For Mr Orbell, 67, of Ixworth, the exchange not only dominates a part of the town centre but its shadow extends to his childhood and family tree.
“My dad (Jack, a corn merchant) worked there,” he remembers. “I used to go to see him trading on a Wednesday afternoon and it was an extraordinary place; full of men in dark coats and hats, masses of tobacco smoke everywhere and some real Suffolk accents.”
His grandfather and two great-grandfathers also sold grain and corn there and one of them served on a Bury St Edmunds Corporation (the then town council) committee which ran the exchange.
Mr Orbell, a former archivist, was looking for a history writing project about Bury and discovered nothing had been written about the Exchange before. The first Corn Exchange, which now houses Laura Ashley, Hatters and Halifax, was built in the 1830s.
Due to overcrowding, a new Corn Exchange, now the site of JD Wetherspoon, was built in the 1860s.
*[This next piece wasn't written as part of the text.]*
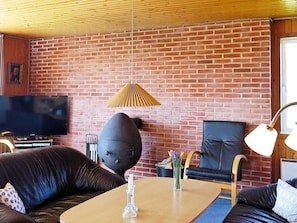 A room with a brick wall, a flat-screen TV, a wooden ceiling, a black leather sofa, a wooden coffee table, and a black chair.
Asked if there were any surprises uncovered during his research at Suffolk Record Office for the book, Mr Orbell said: “The Bury Corporation in the early 1840s to all intents and purposes went bust because it embarked on some very extravagant expenditure in the 1830s and that included the building of the Corn Exchange.”
The book also looks at controversial plans in the 1960s to demolish both buildings to create a parade of shops.
The plans were abandoned following fierce opposition from residents.
“I would have been an 11/12 year-old boy and I remember people talking about the proposed demolition and they were in shock,” Mr Orbell said.
The book is available from Waterstones, in Butter Market, Moyse’s Hall, the record office, in Raingate Street, JD Wetherspoon, the Cathedral Book Shop and The Apex.